Find the word "Home" in the records and copy every line where it occurs.

PROVIDED INFORMATION —
= = = = = = =

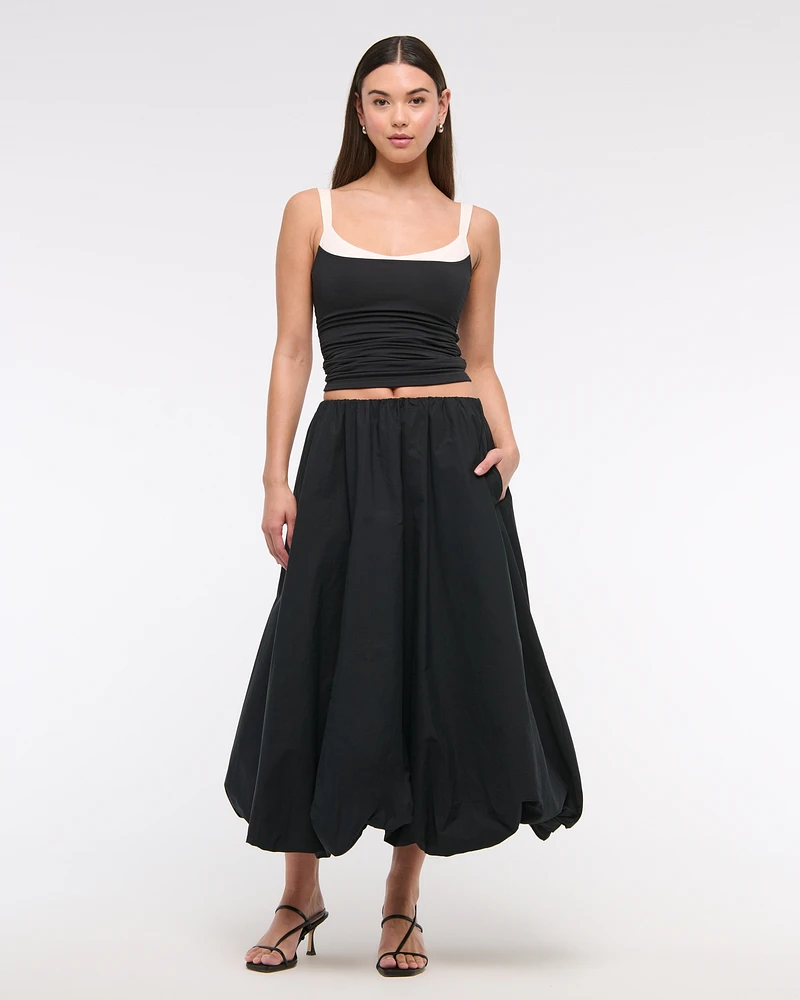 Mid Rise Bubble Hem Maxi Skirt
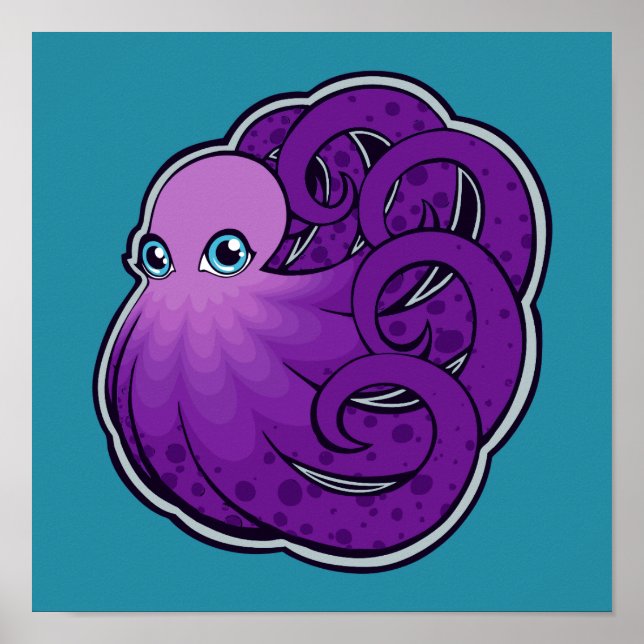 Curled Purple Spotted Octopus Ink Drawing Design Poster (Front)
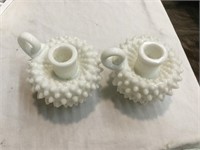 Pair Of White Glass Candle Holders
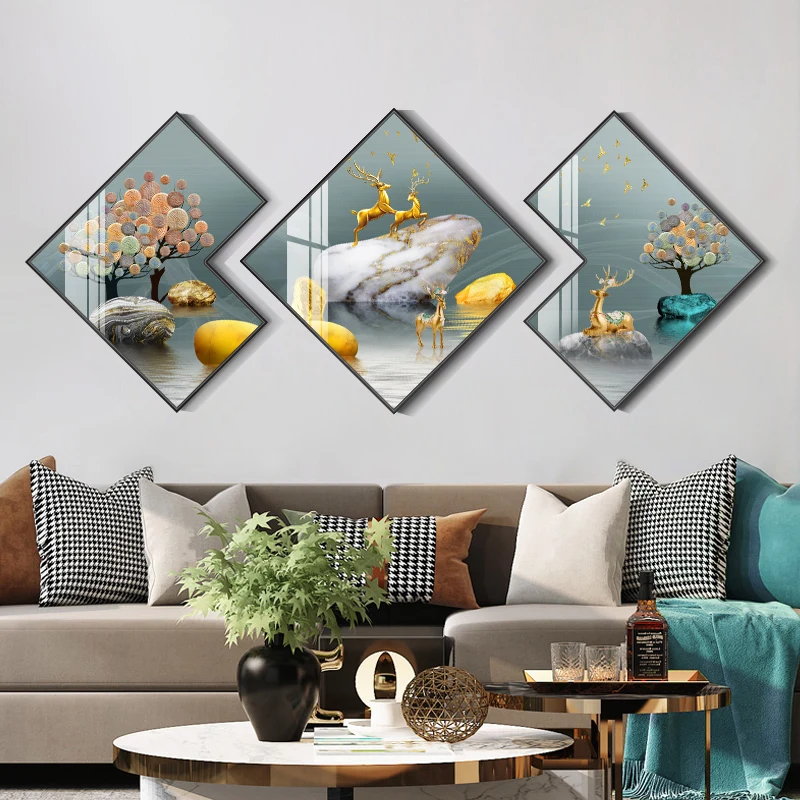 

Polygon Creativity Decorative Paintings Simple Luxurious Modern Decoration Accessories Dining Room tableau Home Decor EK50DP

= = = = = = =

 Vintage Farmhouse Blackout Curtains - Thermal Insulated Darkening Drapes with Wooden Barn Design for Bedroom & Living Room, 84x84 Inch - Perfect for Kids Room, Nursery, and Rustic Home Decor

= = = = = = =

OUTPUT FOR THIS TASK —
Polygon Creativity Decorative Paintings Simple Luxurious Modern Decoration Accessories Dining Room tableau Home Decor EK50DP
 Vintage Farmhouse Blackout Curtains - Thermal Insulated Darkening Drapes with Wooden Barn Design for Bedroom & Living Room, 84x84 Inch - Perfect for Kids Room, Nursery, and Rustic Home Decor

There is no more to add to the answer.